● Record excerpts

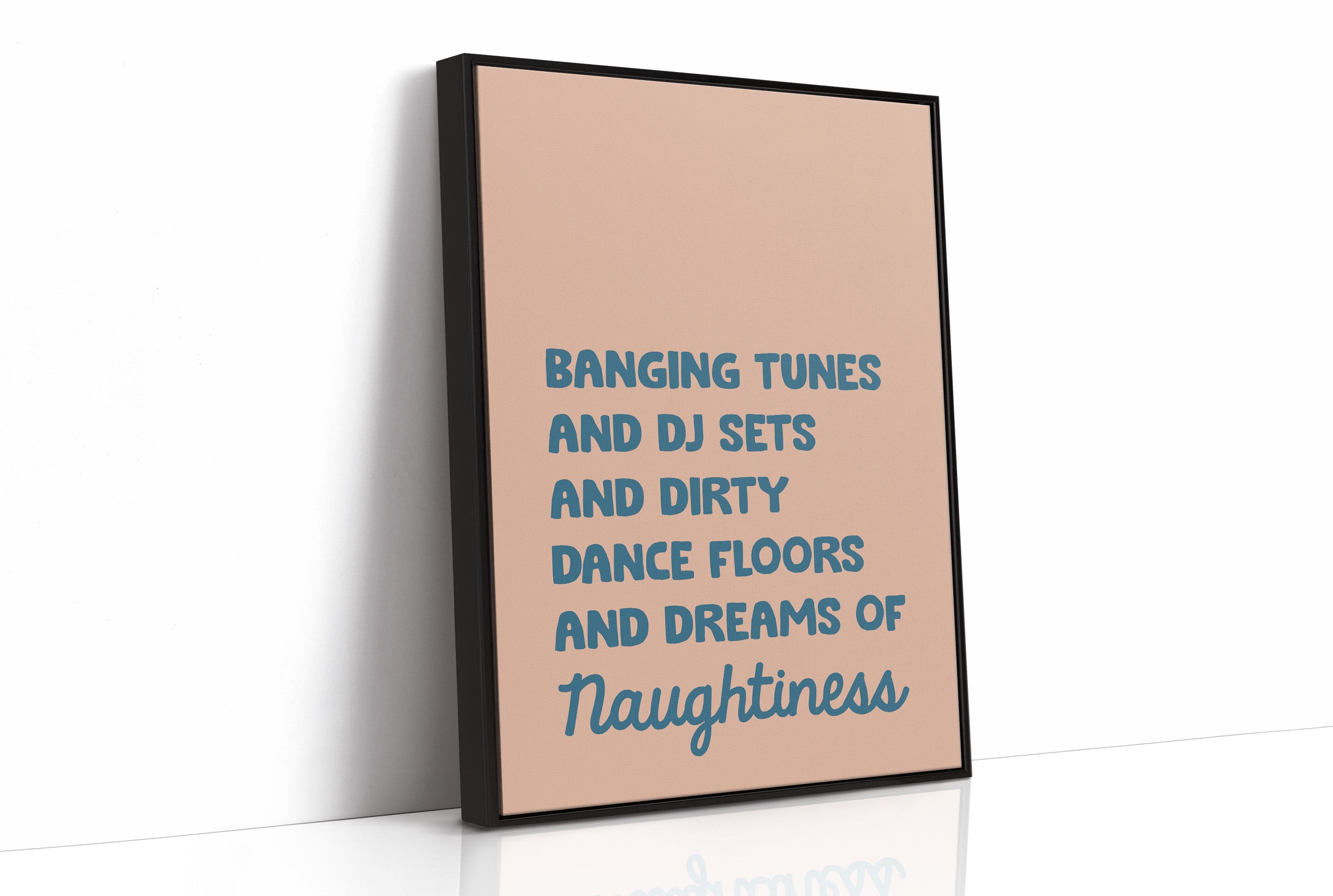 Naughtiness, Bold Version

---

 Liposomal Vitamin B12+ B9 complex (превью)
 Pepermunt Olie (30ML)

* * *

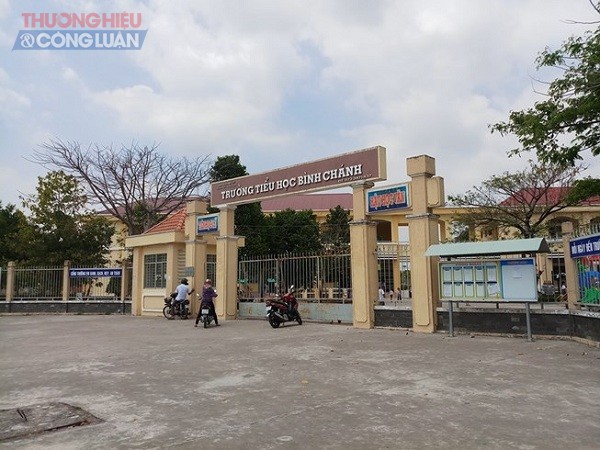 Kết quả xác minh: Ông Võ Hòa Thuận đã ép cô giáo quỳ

● Work to complete
Give back exactly the lines above starting at the line where "Liposomal Vitamin B12+ B9 complex (превью)" appears and ending at the line where "Pepermunt Olie (30ML)" appears, both included, with no other lines.

● The completed task
 Liposomal Vitamin B12+ B9 complex (превью)
 Pepermunt Olie (30ML)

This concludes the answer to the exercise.